TSA administrator and former deputy FBI director John Pistole told the Wall Street Journal that the agency would use data from frequent-flier programs, which many carriers have kept for decades, to identify potential “trusted travelers,” the Boston Globe reports. Boarding passes of individuals in the program would be marked with a bar code, and those passengers would go through an expedited screening line after presenting their passes and valid identification.

In order to use the program and avoid intrusive pat-downs and dangerous backscatter radiation naked body scanners, flyers would be required to submit biometric and biographical information, pass robust background checks and be verified by TSA at the time of travel to pass through an alternative security process, USA Today reported last December.

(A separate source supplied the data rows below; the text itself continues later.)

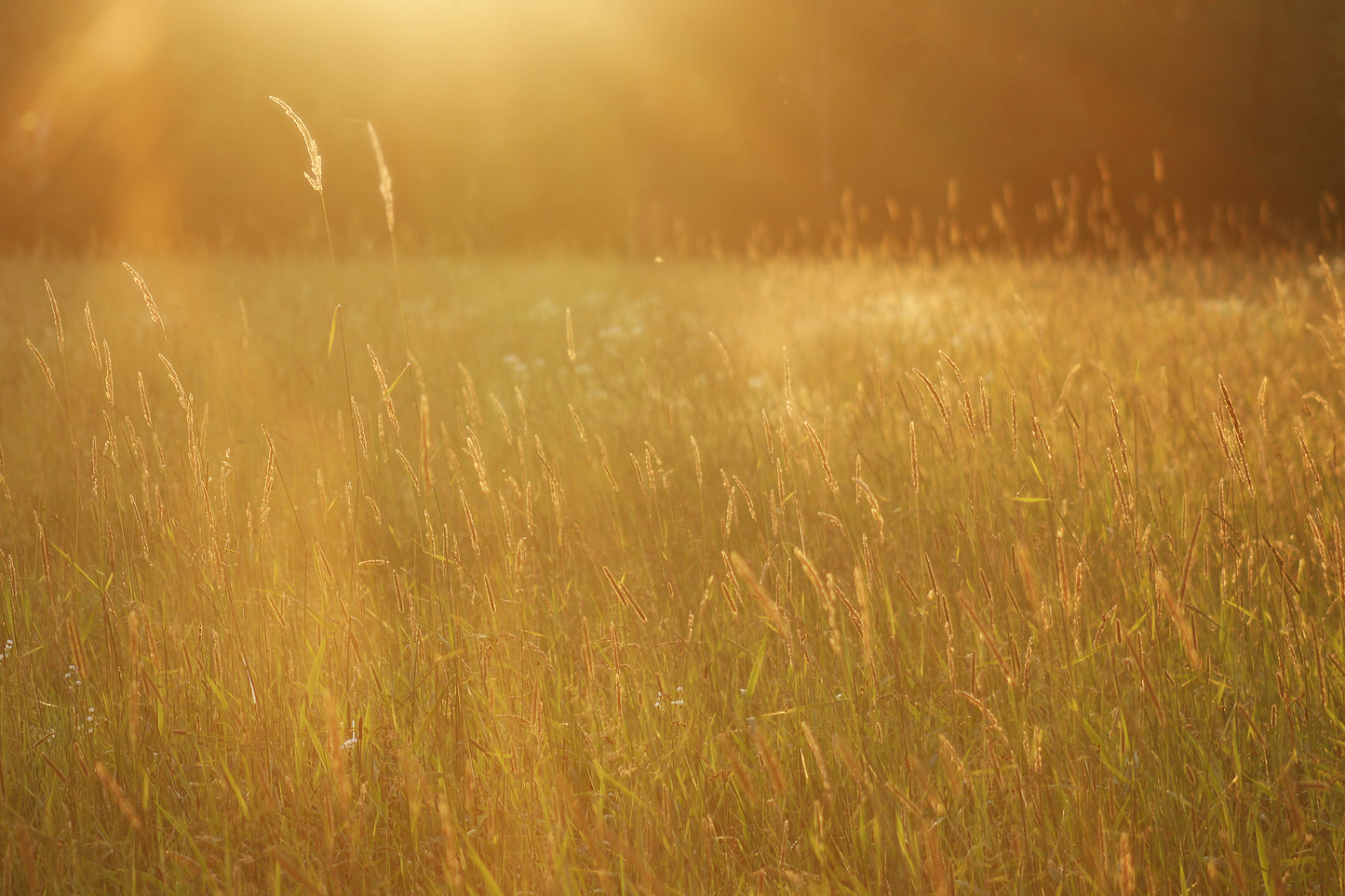 Golden Light III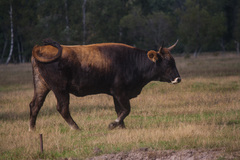 Domesticated Cattle photo 4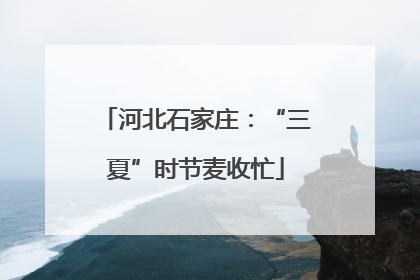 河北石家庄：“三夏”时节麦收忙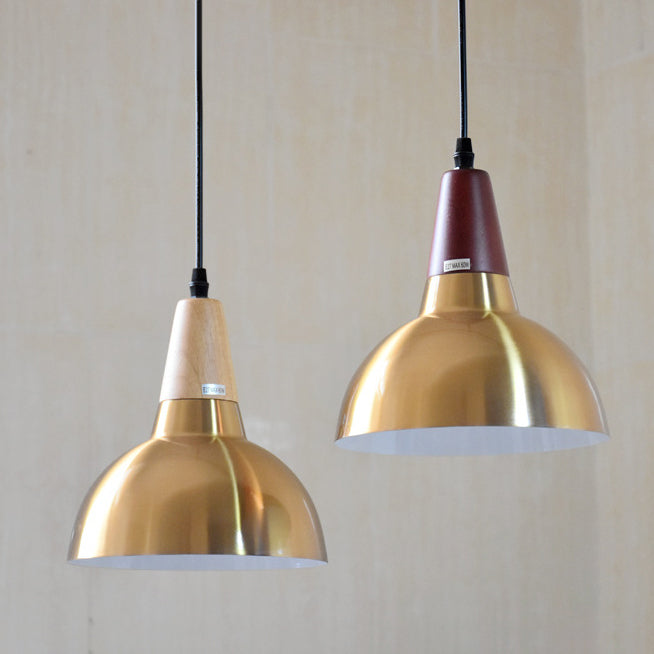 Contemporary Simplicity Iron Semicircle Shade 1-Light Pendant Light For Living Room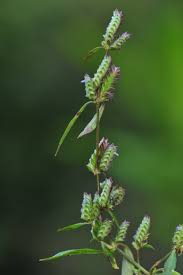 Image result for Rungia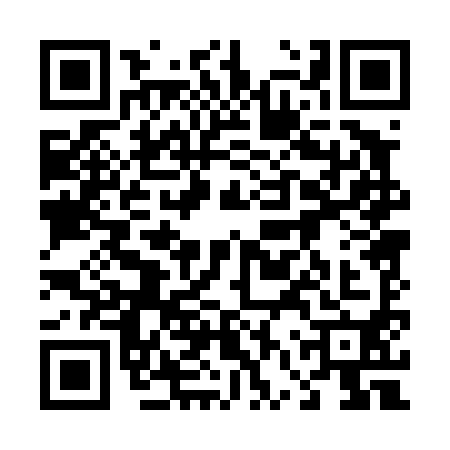 QR code for 46P4906
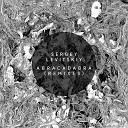 Sergey Levitskiy - Abracadabra Dmitry Molosh Remix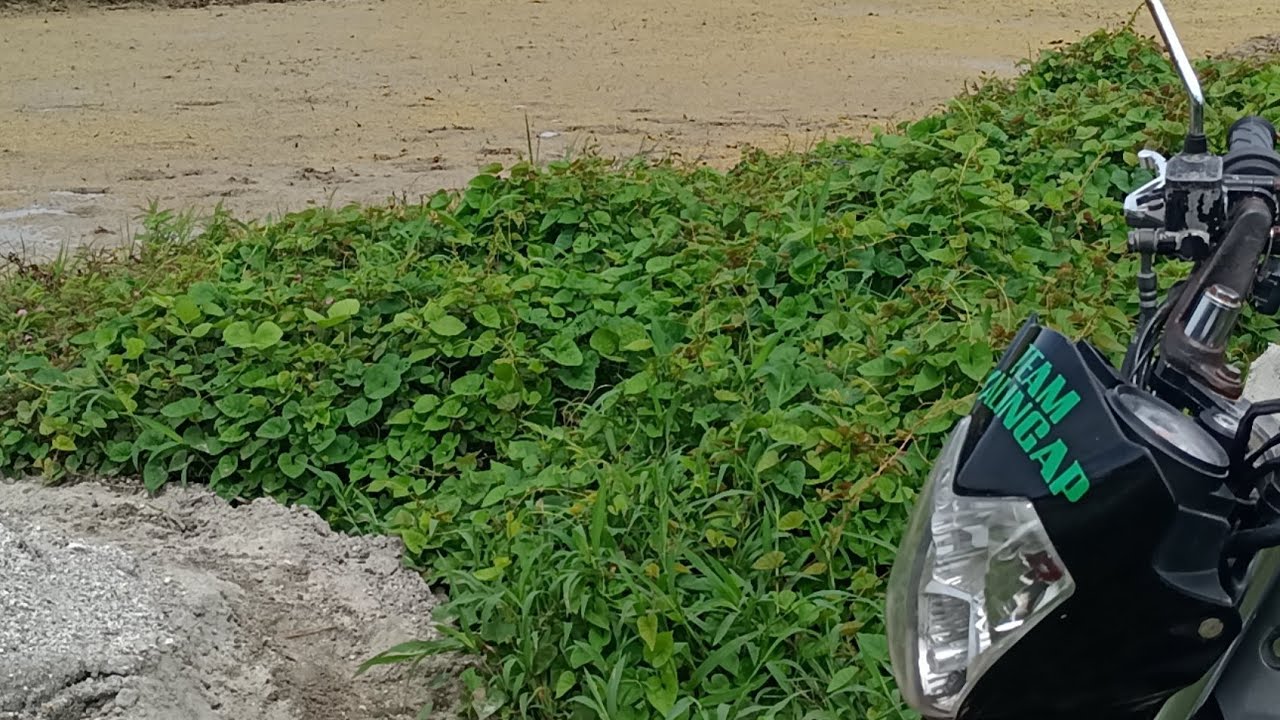 Bukid Tayo Ngayon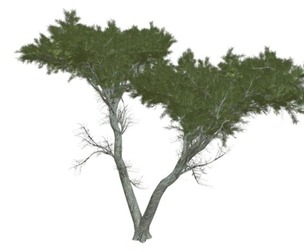 Monterey Cypress Tree #09
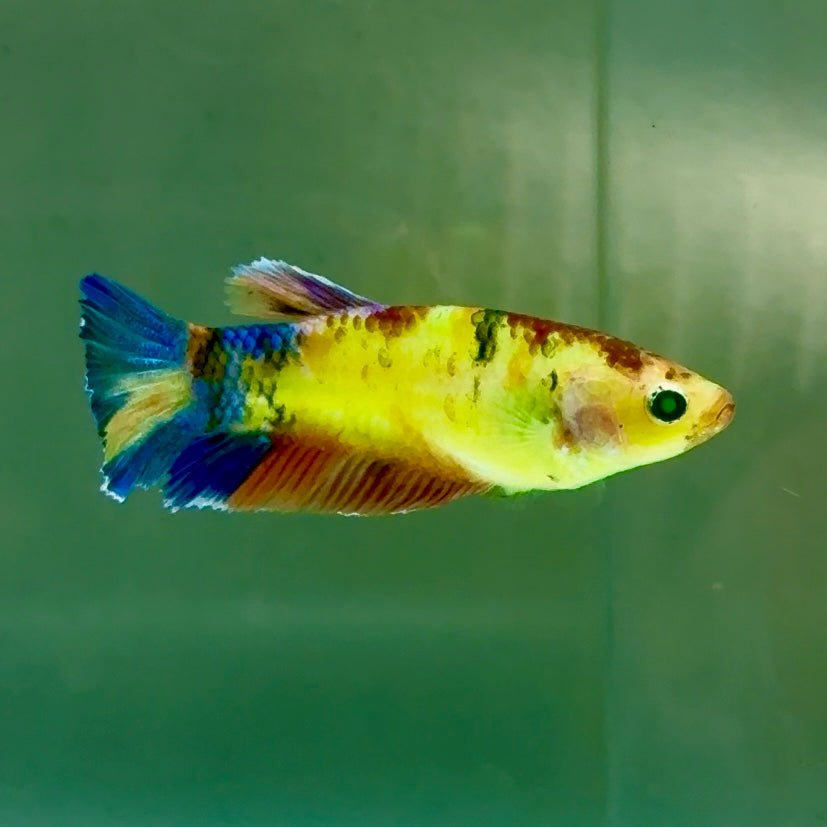 Plakat Koi Multicolor Green Eye Female Betta #Jul24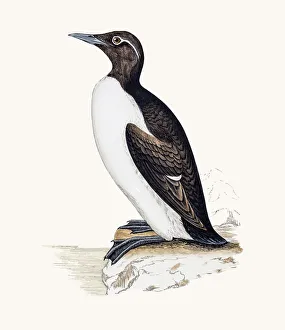 Images Dated 10th June 2016: Ringed Guillemot bird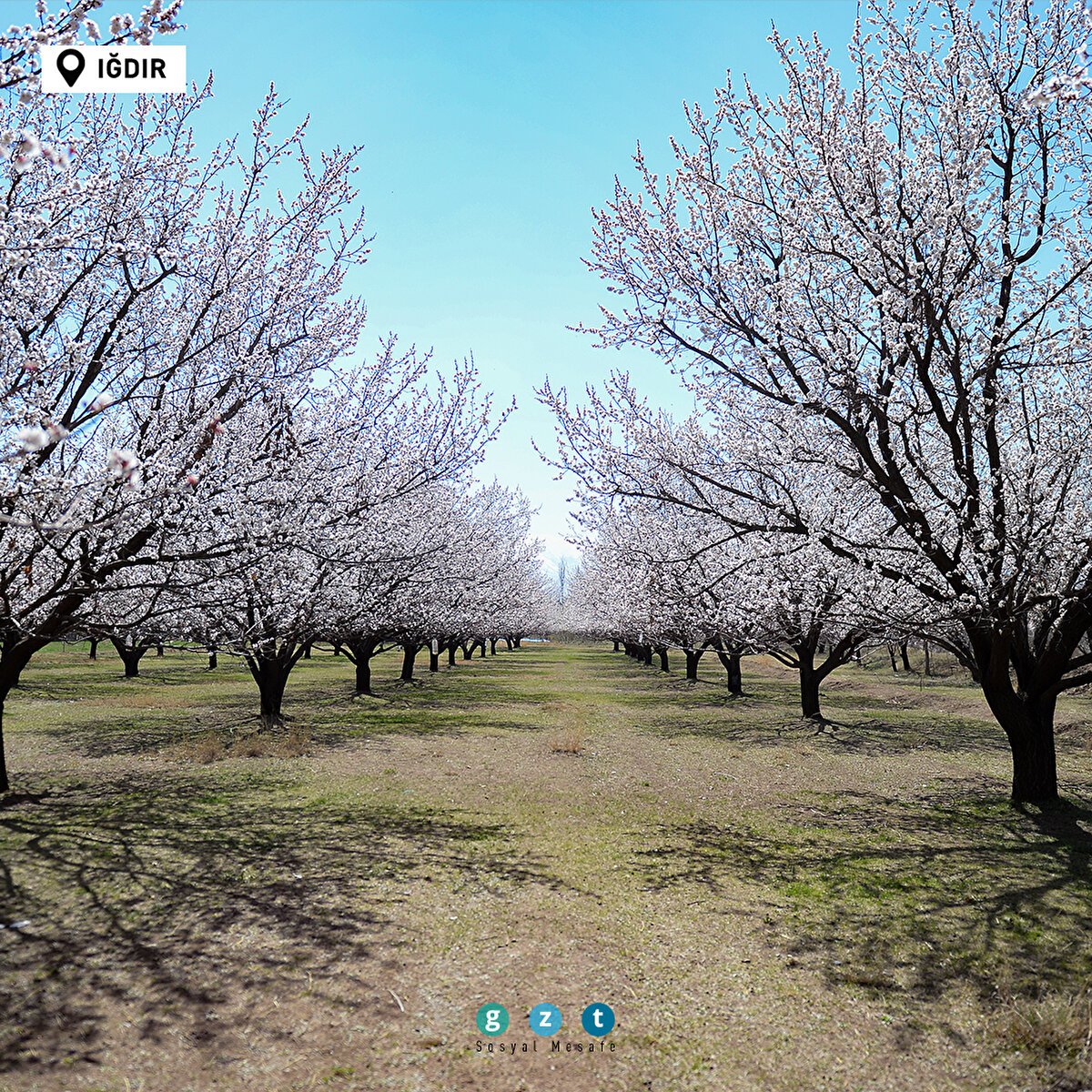 Türkiye'de havaların ısınmasıyla birlikte ağaçlar çiçek açtı 🌼 
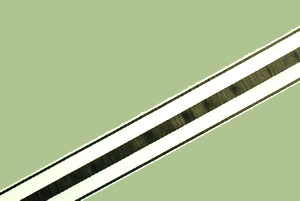 French Vintage Striped Ribbon 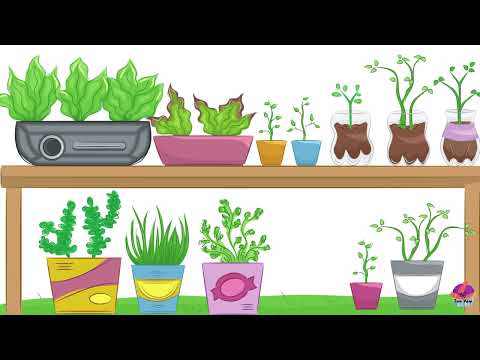 Discover The Wonderful World Of Flower Names 🌸 | 🌼 Fun & Educational For Kids 💐🌻!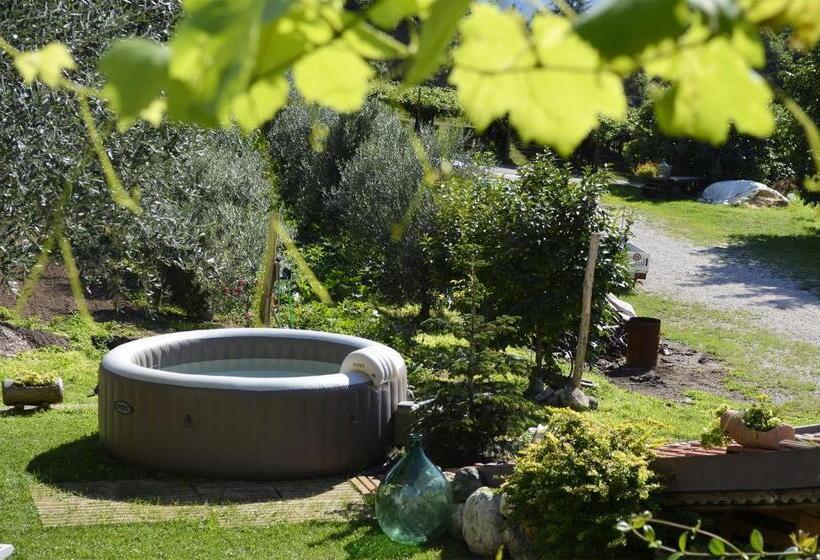 مبيت وإفطار Cà Ulivi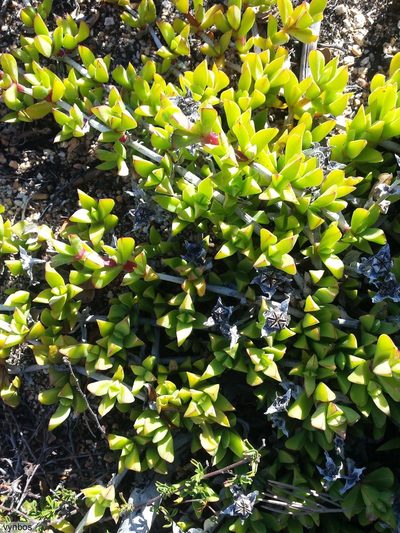 Ruschia promontorii, photographed by Chris Vynbos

Jerome Corsi reported this week that Mexico is now assembling a biometric national identity database that could be used to document names for a North American Trusted Traveler border pass card, a plan under development by the U.S. Department of Homeland Security for Mexican citizens.


Government produced video on Trusted Traveler.

In January, Mexican president Felipe Calderon signed an executive order requiring within the next five years all Mexicans 17 years old and younger have a biometric national identity card that would include a facial photograph, all 10 fingerprints, and an iris scan.

The Mexican Directorate General of the National Population Register plans to go to all elementary schools in Mexico and record the required biometric information and issue individual identity cards.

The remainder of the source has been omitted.